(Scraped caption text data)

******

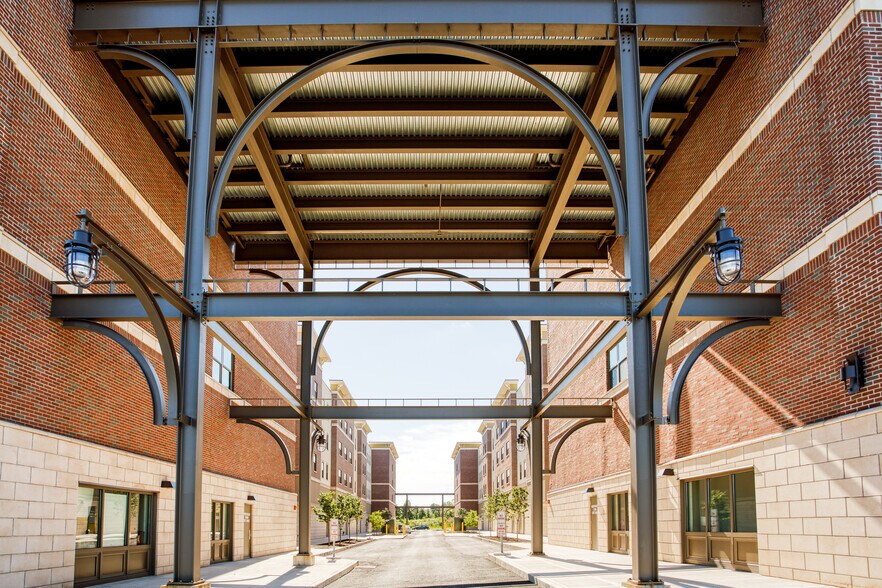 More Photos Of 720 Van Rensselaer St, Syracuse Apartments For Lease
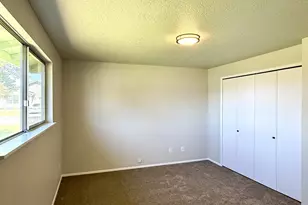 890 E Kennedy Ave, Hermiston, OR 97838 - Photo 22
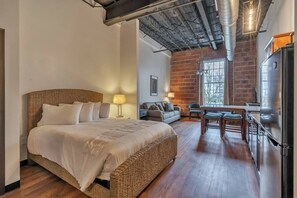 Tabla de planchar con plancha, wifi y ropa de cama 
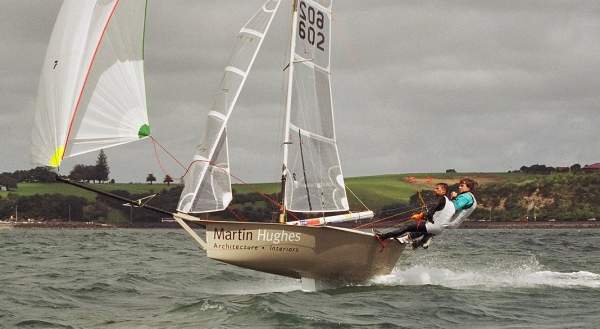 Martin Hughes Paul MacIntosh and Kenny Fyfe kite Leander 2004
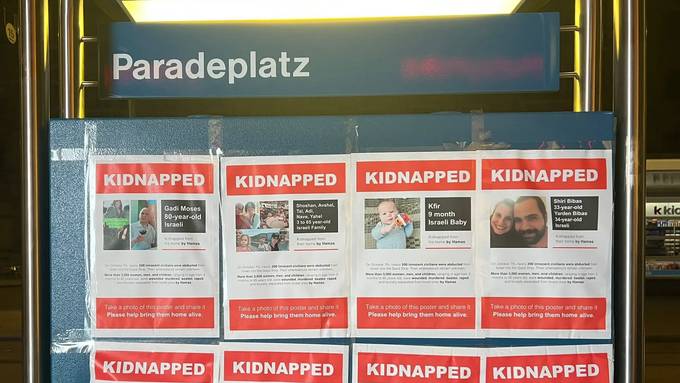 «Kidnapped»: Deshalb säumen diese Flyer Zürcher Tramhaltestellen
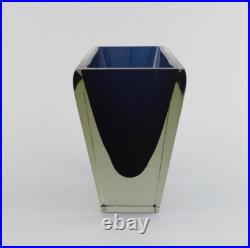 Harry Moilanen (1931-1991), Nuutajärvi Notsjö. Vase en verre bleu foncé et tr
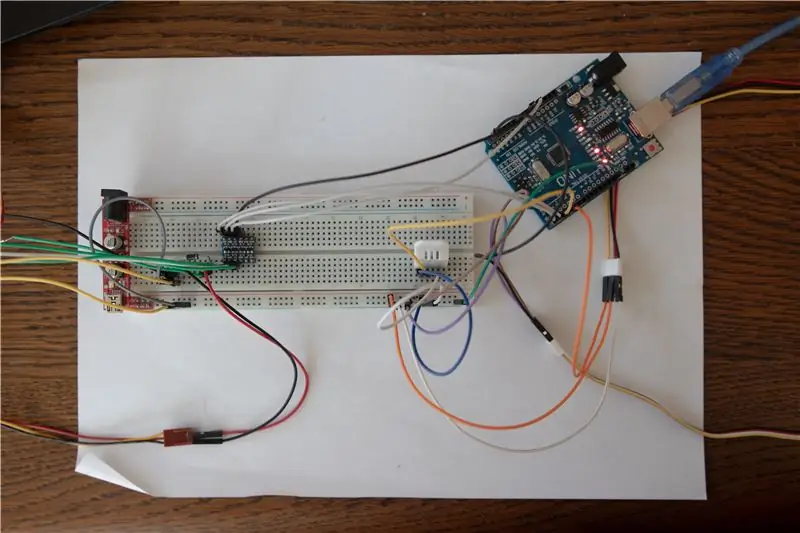 Circuit & Raspberry Pi montāža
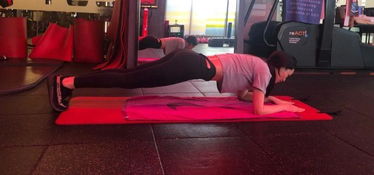 张馨予健身房认真训练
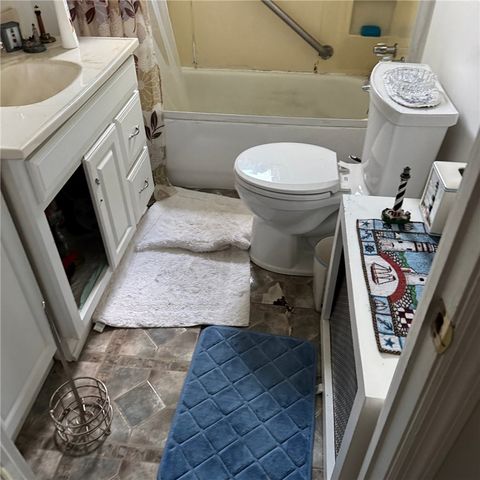 118 Mckean Ave, Donora, PA 15033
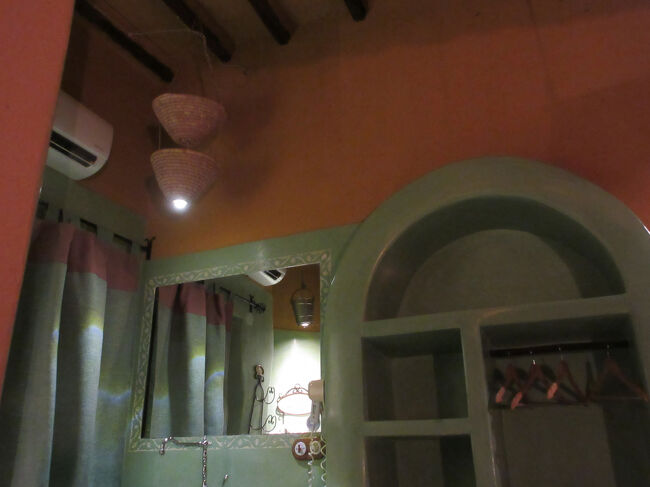 こんな薄暗い中でお化粧です。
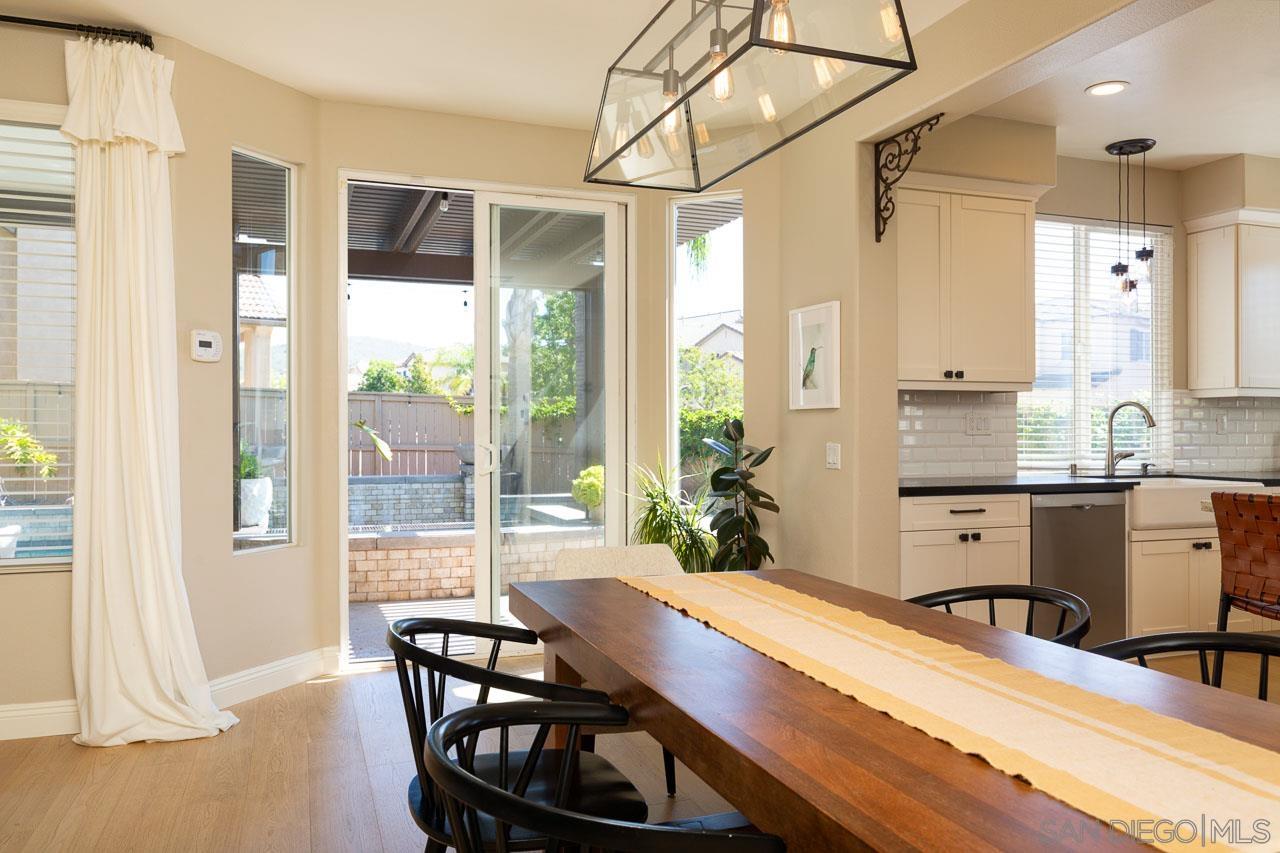 Detail Gallery Image 11 of 42 For 16207  Palomino Mesa Ct, San Diego,  CA 92127 - 5 Beds | 2/1 Baths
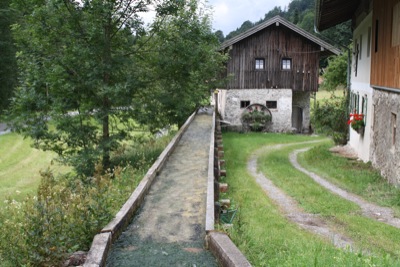 Der Mühlkanal, hier als gefasstes Gerinne
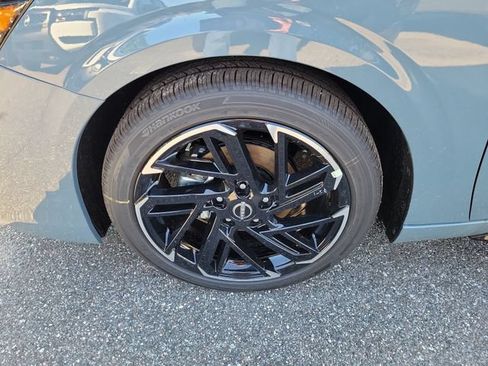 New 2026 Nissan Sentra SR w/ SR Premium Package FWD image 5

******

--- WHAT TO PRODUCE ---
An exact, word-for-word copy of the records is expected, with no pictures in it.

--- RESPONSE TO THE EXERCISE ---
 More Photos Of 720 Van Rensselaer St, Syracuse Apartments For Lease
 890 E Kennedy Ave, Hermiston, OR 97838 - Photo 22
 Tabla de planchar con plancha, wifi y ropa de cama 
 Martin Hughes Paul MacIntosh and Kenny Fyfe kite Leander 2004
 «Kidnapped»: Deshalb säumen diese Flyer Zürcher Tramhaltestellen
 Harry Moilanen (1931-1991), Nuutajärvi Notsjö. Vase en verre bleu foncé et tr
 Circuit & Raspberry Pi montāža
 张馨予健身房认真训练
 118 Mckean Ave, Donora, PA 15033
 こんな薄暗い中でお化粧です。
 Detail Gallery Image 11 of 42 For 16207  Palomino Mesa Ct, San Diego,  CA 92127 - 5 Beds | 2/1 Baths
 Der Mühlkanal, hier als gefasstes Gerinne
 New 2026 Nissan Sentra SR w/ SR Premium Package FWD image 5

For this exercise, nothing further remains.